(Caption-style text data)
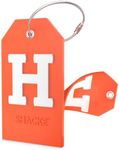 Initial Luggage Tag with Full Privacy Cover and Stainless Steel Loop ? (Letter H)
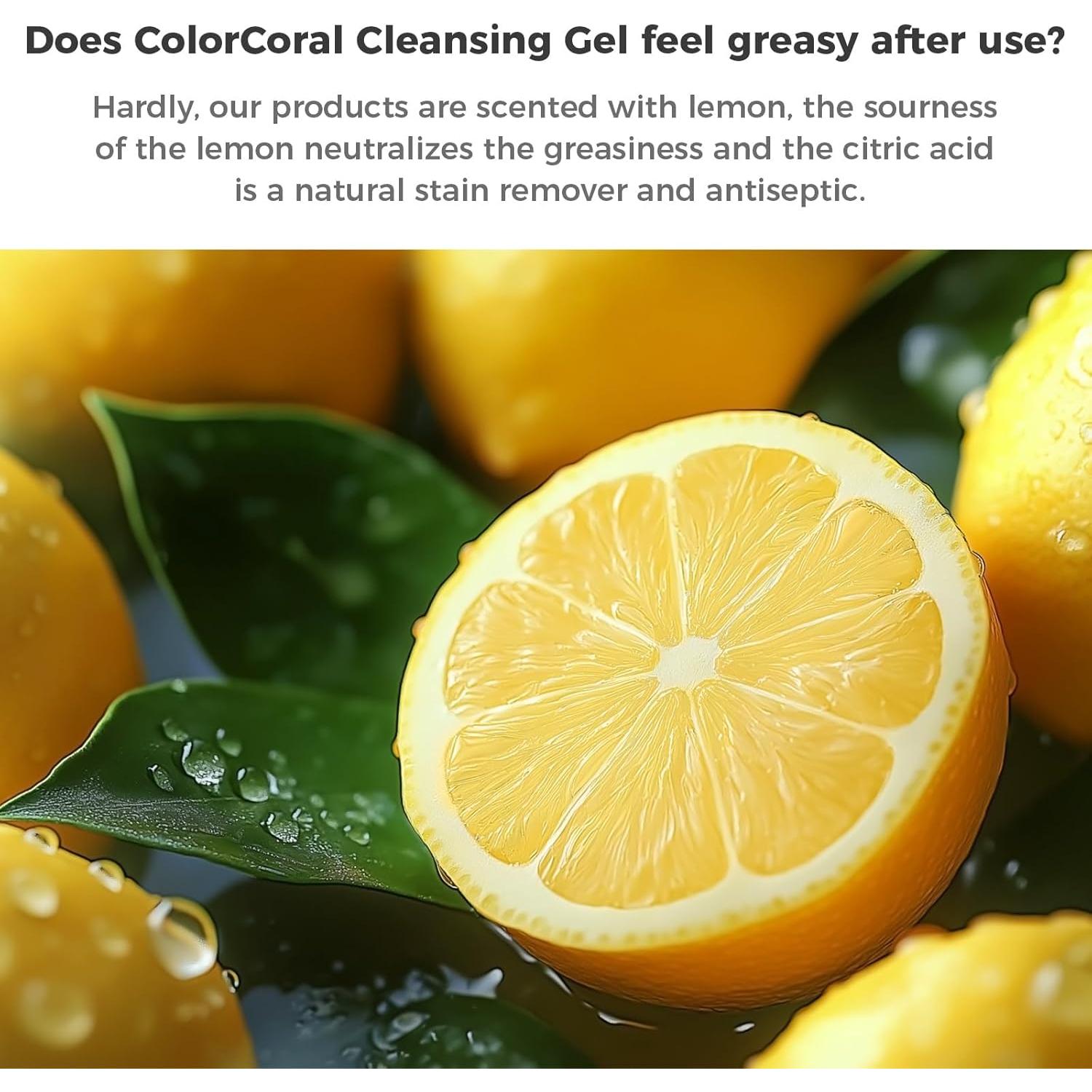 Gel de limpieza universal ColorCoral 4 paquetes aroma limón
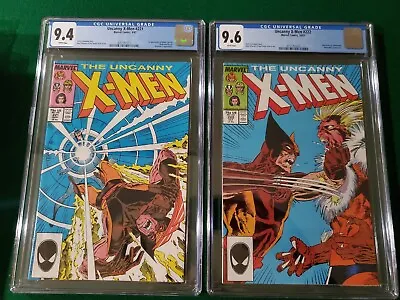 Buy Uncanny X-Men #221 & 222 CGC 9.4/9.6 White Pages 1st App Mr Sinister Sabretooth  • 140.75£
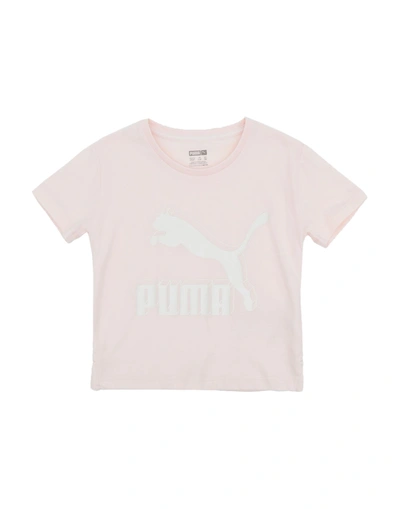 Puma Kids' T-shirts In Light Pink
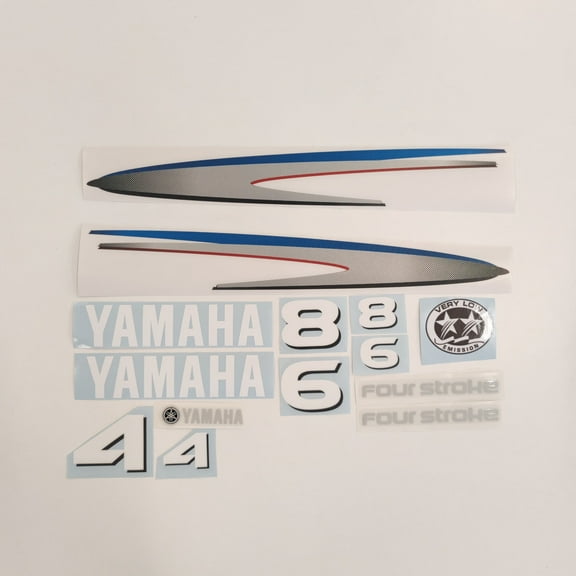 Aftermarket Replacement for Yamaha 4hp 6hp and 8hp Four Stroke (2002-2006) Outboard Decal/Sticker Set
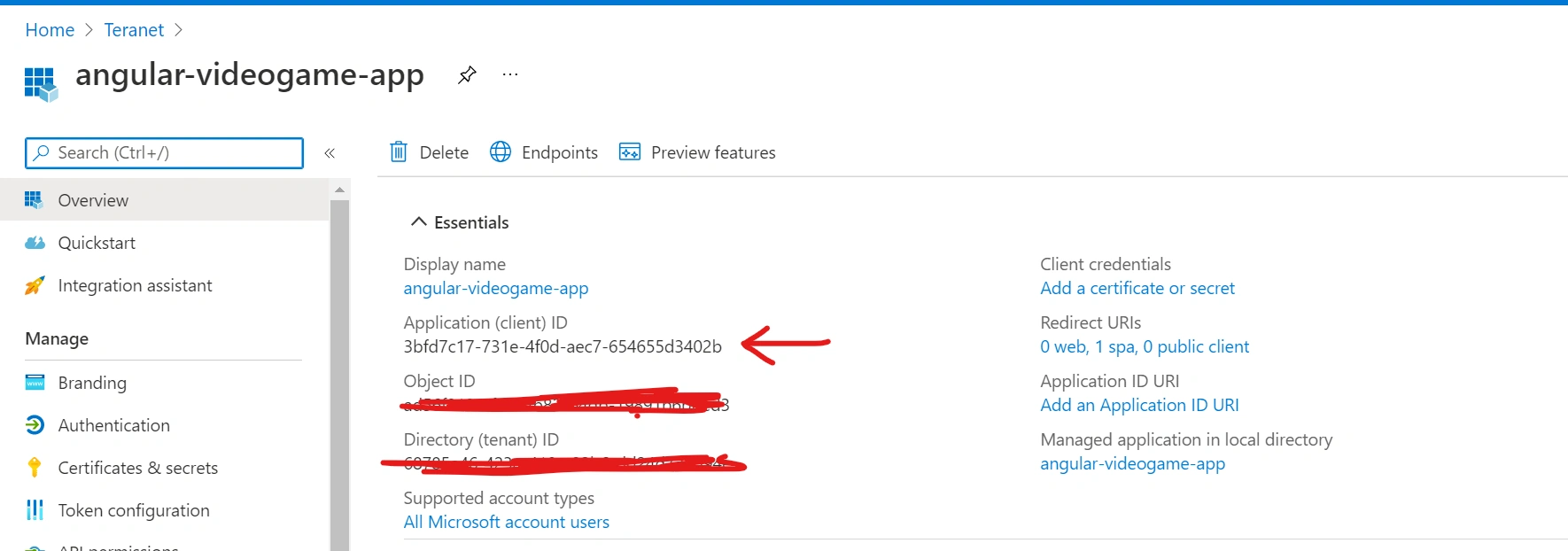 Register app on Azure Active Directory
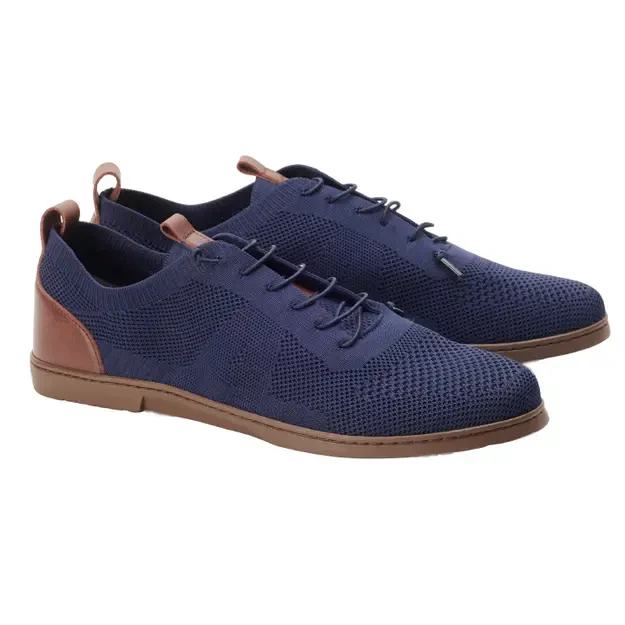 ZAQQ REQY Dark Blue – Elegant Barefoot Shoes for Men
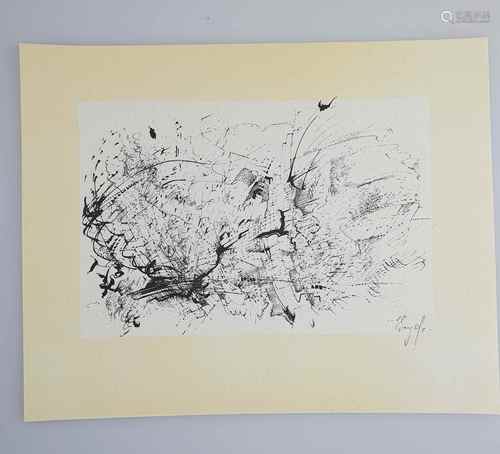 Bayrle, Thomas (geb.1937 in Berlin) - Ohne Titel, Lithographie, von Hand mit Bleistift<br />signiert, ca. 19,5x24,5 cm, Panderma Edition/Basel- Galerie von Bartha/Basel,Auflage 230+65 E.A.( La Lune en Rodage III), ungerahmt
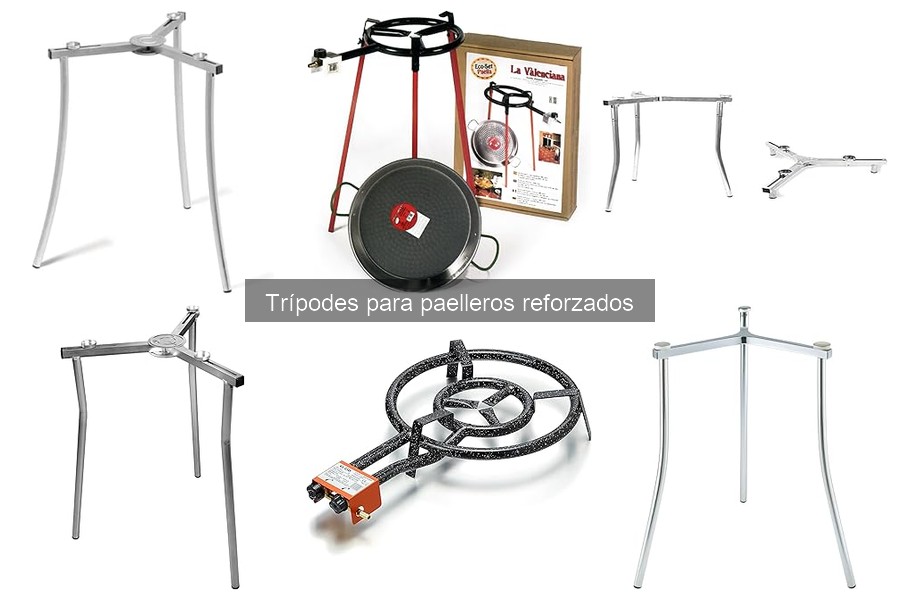 Cómo instalar un trípode para paelleros reforzados
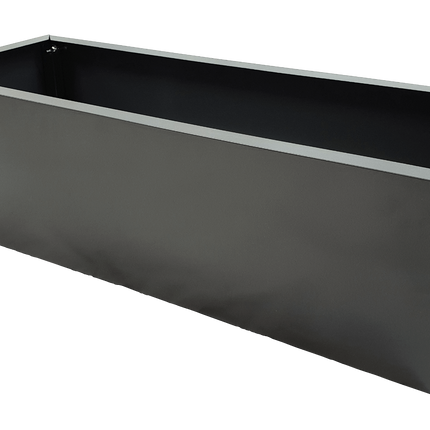 Grey Metal Planter Small.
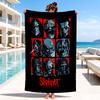 Skull Rock musi Beach Towel, Microfiber Beach Towel, Perfect For Pool, Beach, Travel, Home Decor Beach Party Fan gifts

(About this task) Repeat the records above exactly, from the first line through the line that contains "Grey Metal Planter Small.", and leave out the pictures.

(Output for this task)
 Initial Luggage Tag with Full Privacy Cover and Stainless Steel Loop ? (Letter H)
 Gel de limpieza universal ColorCoral 4 paquetes aroma limón
 Buy Uncanny X-Men #221 & 222 CGC 9.4/9.6 White Pages 1st App Mr Sinister Sabretooth  • 140.75£
 Puma Kids' T-shirts In Light Pink
 Aftermarket Replacement for Yamaha 4hp 6hp and 8hp Four Stroke (2002-2006) Outboard Decal/Sticker Set
 Register app on Azure Active Directory
 ZAQQ REQY Dark Blue – Elegant Barefoot Shoes for Men
 Bayrle, Thomas (geb.1937 in Berlin) - Ohne Titel, Lithographie, von Hand mit Bleistift<br />signiert, ca. 19,5x24,5 cm, Panderma Edition/Basel- Galerie von Bartha/Basel,Auflage 230+65 E.A.( La Lune en Rodage III), ungerahmt
 Cómo instalar un trípode para paelleros reforzados
 Grey Metal Planter Small.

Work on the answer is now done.